Finding a specific numerical solution is a matter of setting values for the constants $$m$$, $$\rho$$, $$w$$, and $$R$$, and initial values for $$h$$, $$\ud{h}{t}$$, $$x$$, and $$\ud{x}{t}$$, and just letting the integrator run. Depending on the relationships between these values, the solution can behave in a couple different ways.

If the wheel’s initial submersion in the water, $$h$$, is large enough, or it’s dropping quickly enough, and if the wheel’s forward velocity is fast enough, we’ll get something that looks like this:

This shows the wheel bouncing out of the water, because the force exerted by the water against the wheel is strong enough to overwhelm gravity. Once the submersion depth makes it back to zero, the differential equations no longer apply — that’s the end of the solution shown in the graph. But then (since I’m pretending the motorcycle is actually a unicycle), projectile motion takes over and the wheel flies through the air until it hits the water again.

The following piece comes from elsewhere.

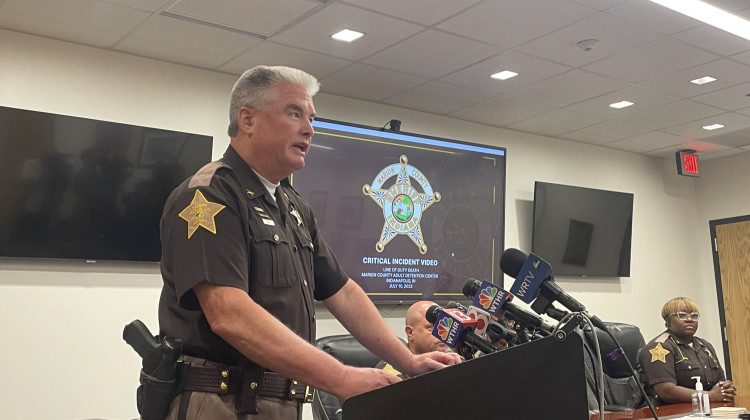 Marion County Sheriff Kerry Forestal said the office has been facing significant staffing shortages. - Katrina Pross/WFYI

Each time the wheel bounces off the water, it loses some forward velocity. A loss of forward velocity translates to a loss of upward force, so eventually the wheel reaches a point where it no longer experiences enough force from the water to counterbalance gravity. When this happens, we get a graph that looks like this:

This was generated assuming a total mass of $$\SI{200}{kg}$$, an initial depth of zero (the wheel is right on the water’s surface), a vertical rate of fall of $$\SI{0.27}{m/s}$$ (semi-random choice), and an initial speed of $$\SI{35}{m/s}$$, just under $$\SI{80}{mph}$$. I’m guessing these values are roughly similar to those in Jamie’s actual last run over the lake on the motorcycle. You can see that the graph drops down to the bottom just over $$\SI{140}{m}$$ in — that’s $$\SI{460}{ft.}$$, which is not all that far off from the actual distance Jamie was able to ride in the show, about $$\SI{300}{ft.}$$ Considering all the other things that are going on that my model doesn’t account for (principally extra drag from the water spray and the back wheel, and rotations of the motorcycle), that’s not that far off!